Even with his criticism of the current lease, Bracco agreed with Harney, Baksa and Granter that the park is making good progress towards the board’s goal of sustainability through new and innovative programming.
Attendance was up when the economy was down, Bracco said, because when times are tough families stay close to home—they “staycation” instead of vacation. So far this year, with a better economy, families are again traveling and attendance has dipped 12 percent, according to Granter. The drop led to the recent layoffs of the park’s long-time security chief, a merchandising manger and an IT specialist whose combined salaries were $150,000.

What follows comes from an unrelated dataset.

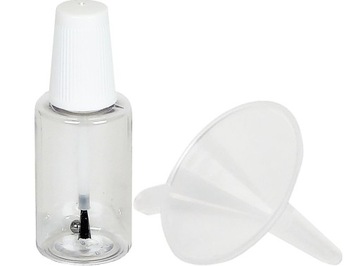 MIRKA Pojemnik 20ml Butelka do Zaprawek 100szt.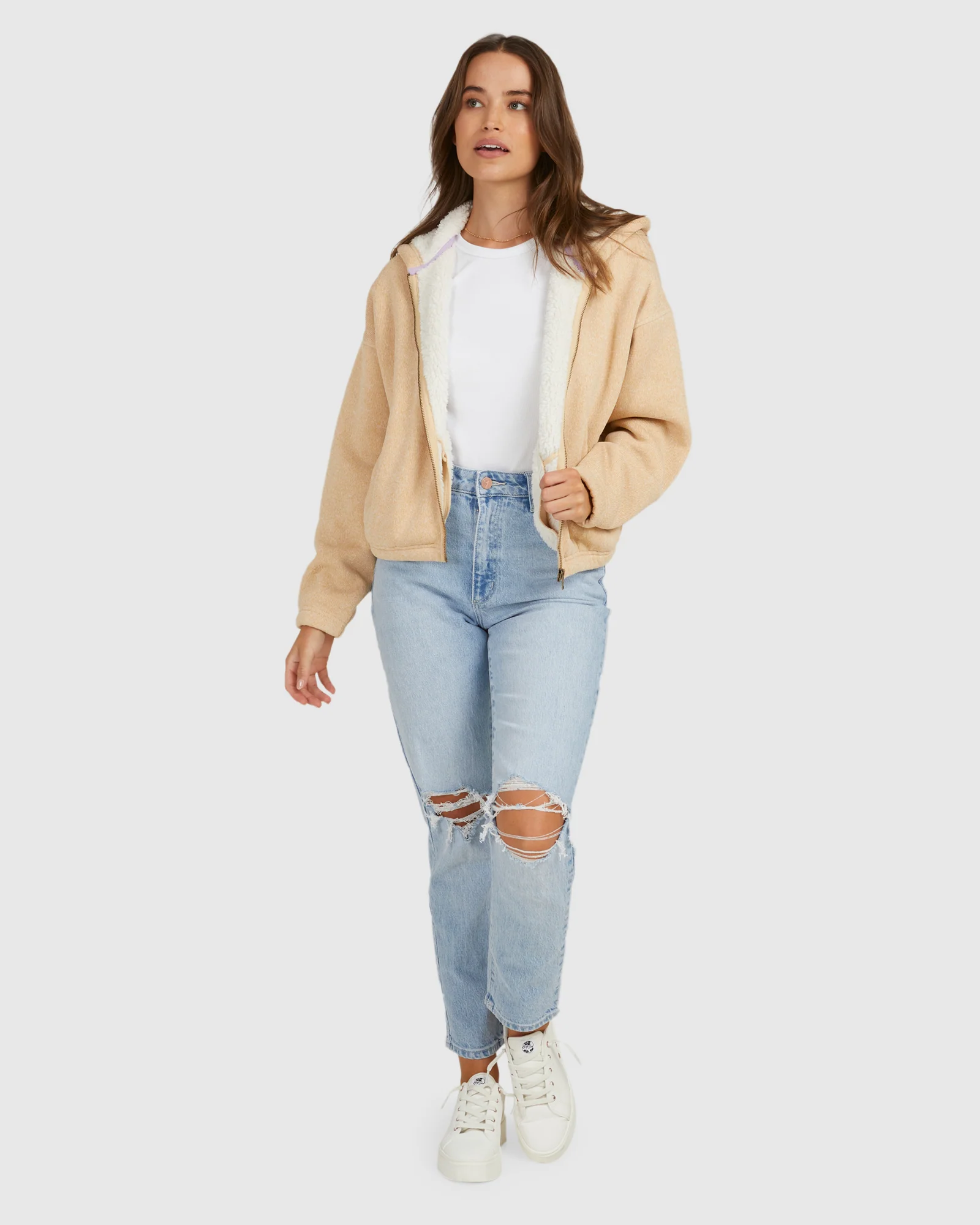 Womens Spring Morning Fleece Polar - Image 5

To try and reach a goal of 100,000 more guests, the park for the first time will this year host new fall and winter programs designed to stretch its season and provide more nighttime fare designed to attract ticket buyers way beyond Bonfante’s vision, and the park’s stated mission, of a botanical educational experience for children that would draw mostly well-behaved family crowds, including grandparents.
Plans are underway for more water-related attractions like the Oasis play area for kids. Ideas have been floated to use more of the hillside land for nature trails, according to Baksa.
And then there is the proposal for Great Wolf Lodges, a fast-growing national chain looking to expand its presence in California, to use about 30 acres of unused parkland to build a huge hotel and conference center with its signature indoor water park, historically open only to hotel guests.
Great Wolf is planning community meetings and Wednesday said Gilroy is its first choice for a location that promises 1,500 construction jobs and 500 full time hotel jobs for a complex that would include up to 700 family suites, with shops, restaurants, conference facilities and an indoor water park. The city has a 60-day exclusive negotiations period with the company.
To build its customer base, Gilroy Gardens is extending hours in October, November and December and will include Halloween Nights, beer-and-wine themed Harvest Nights and the long popular but recently skipped Holiday Nights during the Christmas season.
The latter was not hosted last year when the park presented the much-promoted Lumination event, a nighttime celebration of Chinese culture through huge, intricate and well-lighted sculptures.
Lumination was a break-even event, Granter said, because gate receipts had to be split with the Chinese producers.
More importantly, said Baksa, Lumination showed the park could attract a largely adult audience at night with innovative programming that stretches the venue’s appeal beyond families with young children.
As for a drop in attendance, yes, that happened, according to Granter. In her 12 years at the gardens, yearly attendance has gone from a low of 360,000 to a high of 460,000. Last year’s 12 percent drop was from the previous year, she said, which broke the 460,000 mark and saw record attendance nearing 500,000 visitors, including an injection of 80,000 for Lumination, she said.
And therein lies the key to the park’s future, according to Harney.
“It’s all about the gate count,” he said. “You have to be smart…and diversify the experiences.The board really has to plan out into the future. I think they are doing a fine job.”